5 Crucial Service Writer Training Tips
If you want to increase your shop’s sales and customer satisfaction, these 5 service writer training tips are the most important for you to consider…
#1. In order for people to buy from your service writers, three things need to occur: they need to like your service writers, trust them, and view them as credible experts. Accordingly, the first thing your service writers need to sell to your customers on is themselves. Not your shop, or any repair. The best way to accomplish this goal is by training your service writers to smile, greet the customer with a salutation, provide the customer with their name, then ask a question that invites a response.
#2. Remember, your service writer’s tonality is critical to your success. A study performed at UCLA (University of California Los Angeles), concluded that when it comes to what influences people during a sale, 55% is what the customer sees, 38% is the tonality of the salesperson, and the words used by the salesperson account for only 7% of the sale. Since your customers calling in can’t see your service writers, tonality becomes even more important with callers. Regardless of whether the customer is walking in or calling in, your service writers need to slow down, smile, and speak with genuine interest and compassion.
#3. Your service writers should always take notes, then repeat back the information the customer provides them with. This not only helps your service writers start a relationship with your customer, but it shows the customer that your service writer listening to them, it keeps them engaged, and it causes them to actively listen, rather than formulating more questions. This is one of the best-kept secrets to controlling the conversation with customers.
#4. As soon as comfortably possible, your service writers need to get on a first-name basis with the customer.

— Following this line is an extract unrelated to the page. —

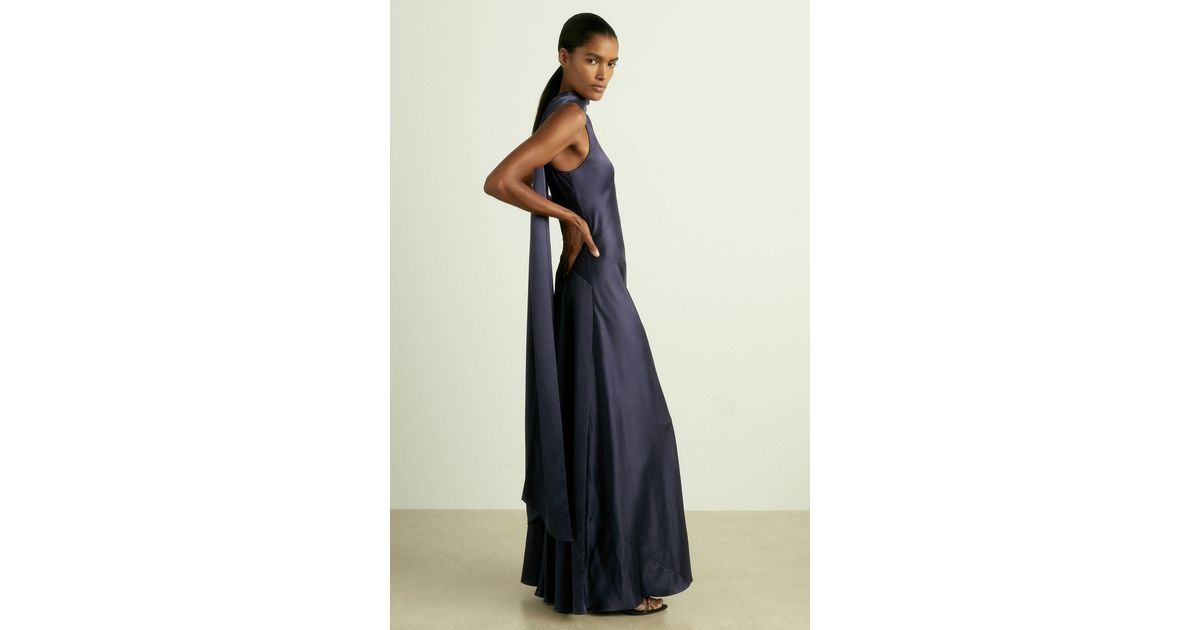 sale with high discount Reiss Nina Cape One Shoulder Maxi Dress in Blue  Lyst | kreolorjewellery.com Fashion Store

By doing so, they will be taking the relationship from one between the customer and the service writer to one between Bob (service writer) and Mike (customer). It can be trickier to obtain the customer’s name if they are calling in, but your service writers should still typically be able to get on a first-name basis after the first two exchanges. An easy way to do so is by providing their name first: “By the way, my name is Bob. May I ask who I am speaking with?”
#5. Your service writer training should emphasize that your team needs to let go of the age-old belief that your customers, and especially callers, are only interested in price. The reason most people ask for a price is that they don’t know the questions they should be asking (how long the shop has been in business, whether or not you employ certified technicians, if you are approved by AAA, etc.). Accordingly, most customers calling in ask for a price to get the conversation started, and customers in your shop stay focused on price because they don’t know where else their focus should be.
Apply these 5 tips to your service writer training, and watch your sales and customer satisfaction soar!